Brasil Telecom Participações S.A.
- Company type: Sociedade Anônima
- Traded as: B3: BRTO3, BRTO4 NYSE: BTM
- Industry: Telecommunications
- Founded: 1998
- Defunct: January 9, 2009
- Headquarters: Brasília, DF, Brazil
- Key people: Ricardo Knoepfelmacher, (CEO) Marco Schroeder, (CFO) rafael cristiano urbanavicius jodar, (COO) Martin Herrera, (CLO/CPO) Suzana Santos, (CMO/CCO)
- Products: Fixed line and mobile telephony, internet services, digital television
- Revenue: US$6.5 billion (2010)
- Net income: US$1.2 billion (2010)
- Number of employees: 20,451
- Parent: Oi
- Subsidiaries: Internet Group
- Website: www.brasiltelecom.com.br

= Brasil Telecom =

Brasil Telecom S.A. (/pt-BR/; BrT) was a major Brazilian telecommunications company headquartered in the Brazilian capital of Brasília. The company was one of three landlines and eight mobile telephone companies – and only long-distance service provider – that emerged in Brazil following the break-up of Telebrás. Originally the company was called Tele Centro Sul, because its service covered the states in the central and southern parts of Brazil, namely Acre, Rondônia, Goiás, Tocantins, Mato Grosso, Mato Grosso do Sul, Paraná, Santa Catarina and Rio Grande do Sul, as well as the Distrito Federal. Since 9 January 2009, the company is a subsidiary of Oi.

== History ==
The Brazilian investment bank Opportunity, which managed funds for investors including Citigroup and some Brazilian pension funds, in partnership with Telecom Italia, paid 2.07 billion reais in June 1998 to buy Tele Centro Sul from the Brazilian government as part of the privatization process of Telebrás. In 2001, the company purchased a small stake in the iBest Co. website and launched a portal and free internet access service; at the time, the Marcos Wettreich was the main shareholder in iBest. After some legal wrangling, Citigroup and the Brazilian pension funds took control of the company, removing Opportunity from the management of their respective funds and took control of the company in 2005. BrT started up a wireless service in 2004.

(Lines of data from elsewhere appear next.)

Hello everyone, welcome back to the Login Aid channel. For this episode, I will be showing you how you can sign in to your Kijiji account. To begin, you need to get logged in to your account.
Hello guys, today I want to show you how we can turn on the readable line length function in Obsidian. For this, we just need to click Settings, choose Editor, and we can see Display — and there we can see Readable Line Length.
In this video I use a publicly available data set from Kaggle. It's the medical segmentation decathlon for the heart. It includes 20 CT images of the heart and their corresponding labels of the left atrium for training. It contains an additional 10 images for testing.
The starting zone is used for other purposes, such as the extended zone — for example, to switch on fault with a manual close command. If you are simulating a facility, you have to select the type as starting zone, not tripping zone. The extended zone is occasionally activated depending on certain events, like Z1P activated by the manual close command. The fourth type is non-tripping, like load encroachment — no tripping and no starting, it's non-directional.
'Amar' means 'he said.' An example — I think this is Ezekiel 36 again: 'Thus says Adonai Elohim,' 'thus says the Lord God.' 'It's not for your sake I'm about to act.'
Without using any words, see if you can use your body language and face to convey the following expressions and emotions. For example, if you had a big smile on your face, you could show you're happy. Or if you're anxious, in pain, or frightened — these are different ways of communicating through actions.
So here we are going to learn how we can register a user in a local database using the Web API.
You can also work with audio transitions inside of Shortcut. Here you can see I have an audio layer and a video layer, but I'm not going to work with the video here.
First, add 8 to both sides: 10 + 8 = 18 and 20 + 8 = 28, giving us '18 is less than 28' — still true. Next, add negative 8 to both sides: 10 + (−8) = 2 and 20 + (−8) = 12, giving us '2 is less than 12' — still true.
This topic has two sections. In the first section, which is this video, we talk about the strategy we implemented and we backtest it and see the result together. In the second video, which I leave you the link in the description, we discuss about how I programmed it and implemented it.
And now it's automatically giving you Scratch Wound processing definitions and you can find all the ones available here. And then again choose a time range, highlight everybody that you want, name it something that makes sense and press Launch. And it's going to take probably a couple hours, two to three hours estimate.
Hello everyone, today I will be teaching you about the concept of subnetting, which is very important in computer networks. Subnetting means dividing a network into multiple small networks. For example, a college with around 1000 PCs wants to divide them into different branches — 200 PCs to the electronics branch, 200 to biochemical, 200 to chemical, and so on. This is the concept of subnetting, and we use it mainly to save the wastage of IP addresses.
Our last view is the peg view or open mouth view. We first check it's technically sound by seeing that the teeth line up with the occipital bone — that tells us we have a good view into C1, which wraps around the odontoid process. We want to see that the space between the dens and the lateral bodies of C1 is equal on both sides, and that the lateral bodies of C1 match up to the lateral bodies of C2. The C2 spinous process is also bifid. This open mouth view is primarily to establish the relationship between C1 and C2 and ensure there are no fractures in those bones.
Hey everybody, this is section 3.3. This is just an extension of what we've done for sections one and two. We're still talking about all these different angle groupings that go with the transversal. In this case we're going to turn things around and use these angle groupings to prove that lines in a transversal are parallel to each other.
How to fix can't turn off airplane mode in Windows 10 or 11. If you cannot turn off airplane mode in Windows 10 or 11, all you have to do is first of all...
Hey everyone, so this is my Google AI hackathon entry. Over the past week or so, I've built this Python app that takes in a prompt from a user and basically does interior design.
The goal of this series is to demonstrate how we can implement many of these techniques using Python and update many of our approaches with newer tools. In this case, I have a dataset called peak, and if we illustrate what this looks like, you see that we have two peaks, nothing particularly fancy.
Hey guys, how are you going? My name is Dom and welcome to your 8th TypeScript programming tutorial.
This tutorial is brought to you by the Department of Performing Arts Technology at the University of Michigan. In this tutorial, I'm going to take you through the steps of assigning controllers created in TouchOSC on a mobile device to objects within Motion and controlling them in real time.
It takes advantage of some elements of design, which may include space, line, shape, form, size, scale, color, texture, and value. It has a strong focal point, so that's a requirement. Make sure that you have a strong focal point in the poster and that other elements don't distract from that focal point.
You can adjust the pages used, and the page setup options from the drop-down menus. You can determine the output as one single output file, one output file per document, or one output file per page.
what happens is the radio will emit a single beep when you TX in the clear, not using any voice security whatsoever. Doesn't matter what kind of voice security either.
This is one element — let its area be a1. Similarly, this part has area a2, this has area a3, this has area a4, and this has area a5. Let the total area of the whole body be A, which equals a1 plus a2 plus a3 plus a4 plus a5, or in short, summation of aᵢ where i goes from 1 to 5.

Brasil Telecom's stock was traded on BM&F Bovespa, where it is part of the Ibovespa index, as well as on the New York Stock Exchange.

In 2008, it was announced that Brasil Telecom would be acquired by Oi. That transaction required changes in legislation, since legislation at the time prohibited a fixed telephone company from purchasing another fixed telephone company in a different license area. That legislation has since changed, and Oi completed its purchase of BrT on January 9, 2009.

== Legal issues ==
Brasil Telecom, the country's third largest fixed-line operator, and Opportunity, which controlled Brasil Telecom, hired Kroll to determine whether Telecom Italia competed with Brasil Telecom in 2000 in the latter's acquisition of the Brazilian fixed-line phone company Companhia Riograndense de Telecomunicoes ('CRT') from Spain's Telefónica with the purpose of increasing the final price paid by Brasil Telecom for CRT, as both Opportunity and Telecom Italia were struggling for the control of Brasil Telecom.
Brasil Telecom and Telecom Italia have been locked in court struggles since 2000. Kroll was accused of spying on Brazilian government officials.
Additionally, Opportunity also became involved in legal disputes with the investors in its managed funds, namely some Brazilian pension funds and Citigroup, which culminated in Opportunity's removal as the manager of these funds and, ultimately, Opportunity's losing the control of Brasil Telecom (along with other companies controlled by the funds, namely Telemig Celular, Amazonia Celular, Santos Brasil, and Opportrans/Rio de Janeiro's subway operator).